Pedagogical Significance
- Learning goals: Build intuition for when and why this tool is used in ML, not just how to compute it.
- ML-first framing: Tie the concept to a concrete task pattern (fit / project / decompose / solve / measure) to anchor understanding.
- Shape discipline: Habitually annotating dimensions prevents silent bugs and reinforces linear map thinking.
- Numerical habits: Prefer stable factorizations over inverses; check residuals and condition numbers to separate bugs from ill-conditioning.
- Transfer: Reuse the same pattern across models (e.g., projection in PCA, orthogonalization in regressions, attention as weighted sums).

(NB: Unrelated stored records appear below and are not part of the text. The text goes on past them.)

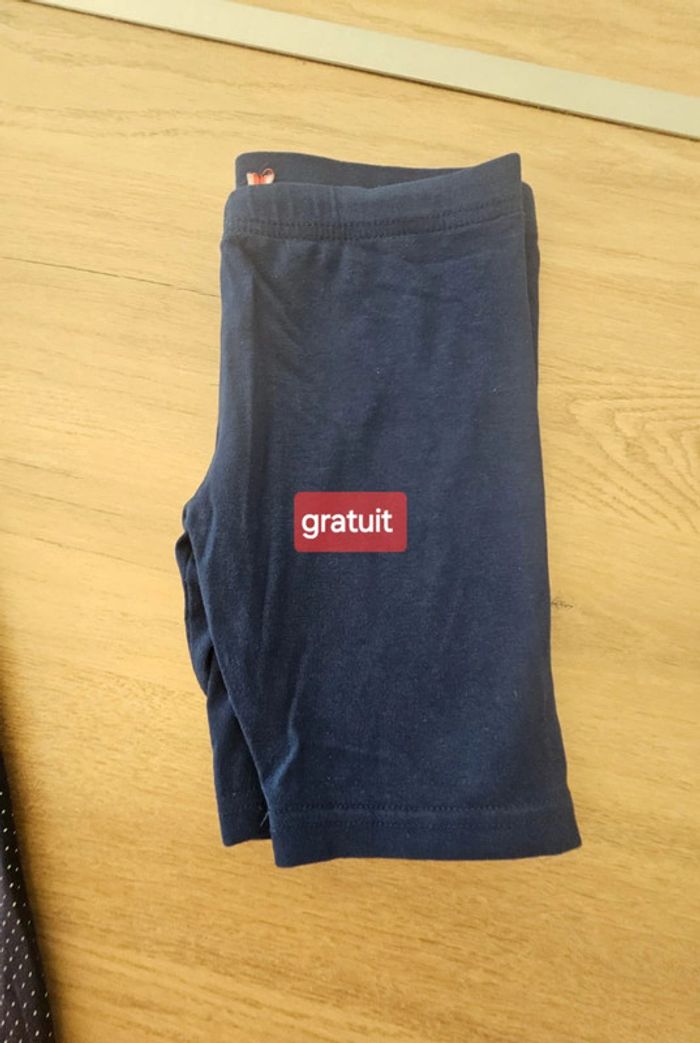 un legging + 1 short gratuit - photo numéro 5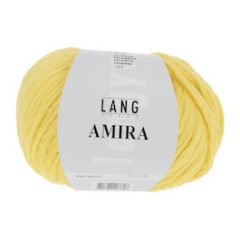 Lang Yarns Amira (13) Geel bij de Breiboerderij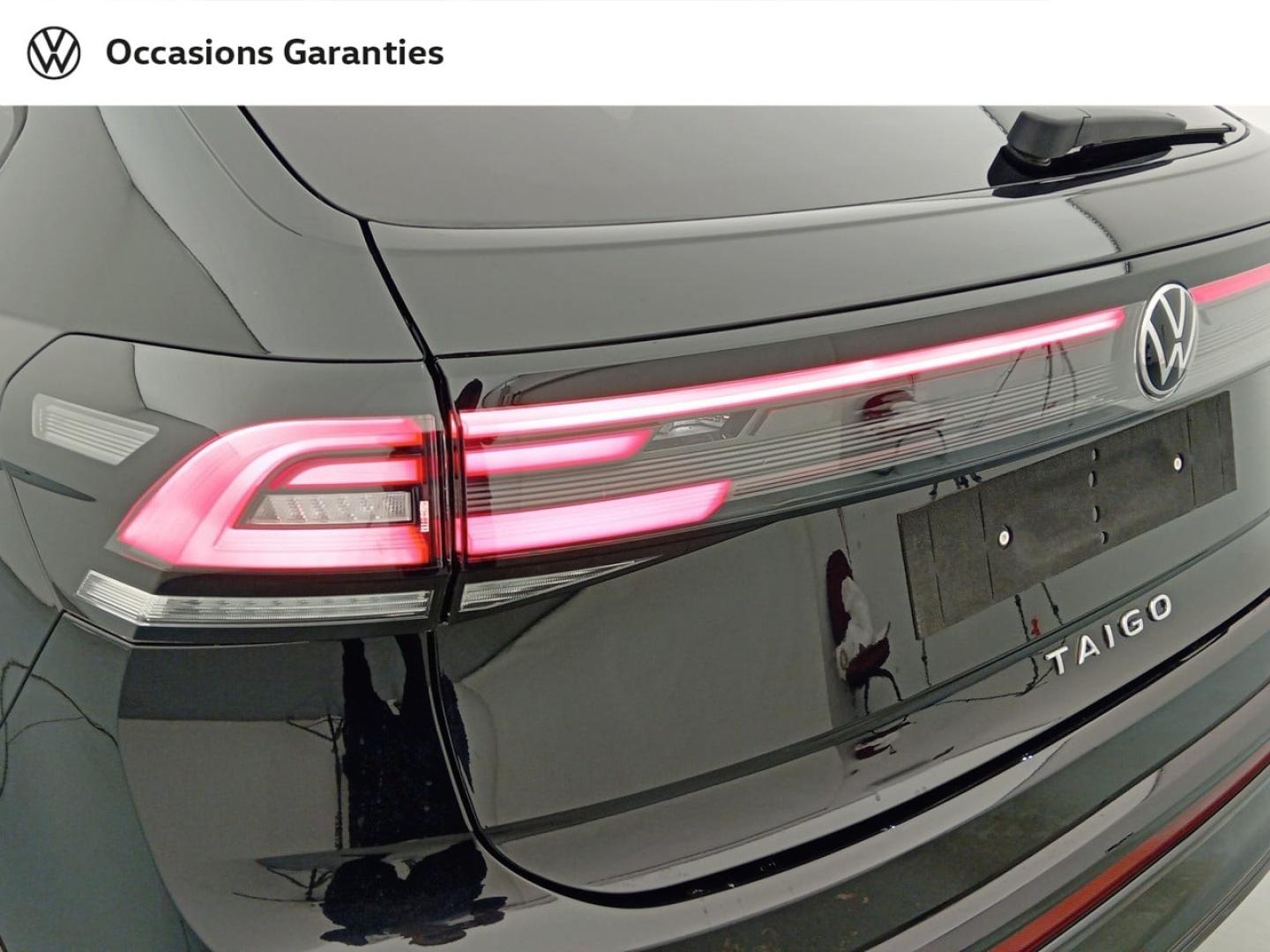 Voitures occasions VOLKSWAGEN TAIGO R-Line Edition Nice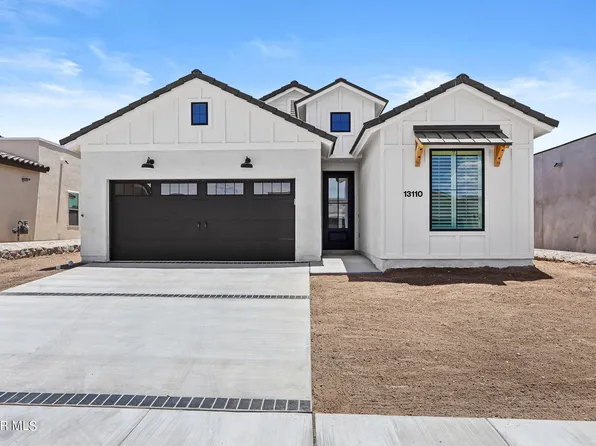 752 Paseo Leon Pl, El Paso, TX 79928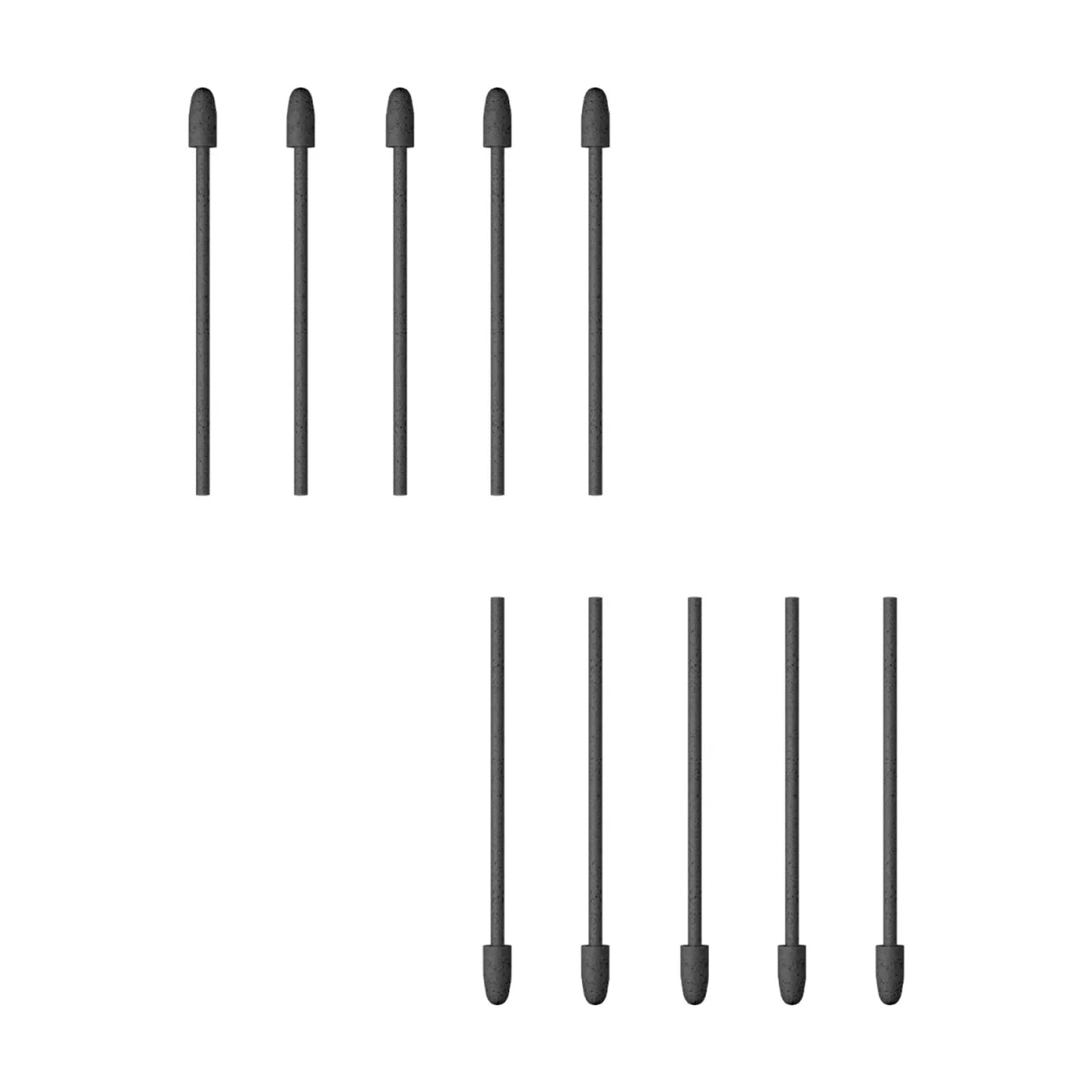 Huion PN6F Digital Felt Nibs Pack of 10 for PW550 PW600 pens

- Assessment ideas: Quick checks: predict sensitivity from $\kappa(A)$, verify projection properties, or compare solver outputs within tolerance.
ML Examples and Patterns
- Fit: Linear/logistic regression via least squares or softmax; regularization (ridge) improves conditioning and generalization.
- Project: PCA/SVD for dimensionality reduction; orthogonal projections to subspaces for denoising and feature extraction.
- Decompose: Eigen/SVD factorizations to expose structure (low rank, PSD) used in recommender systems, LSA, and spectral clustering.
- Solve: Stable solves without inversion (Cholesky/QR/SVD; CG for SPD) for optimization steps and kernel methods.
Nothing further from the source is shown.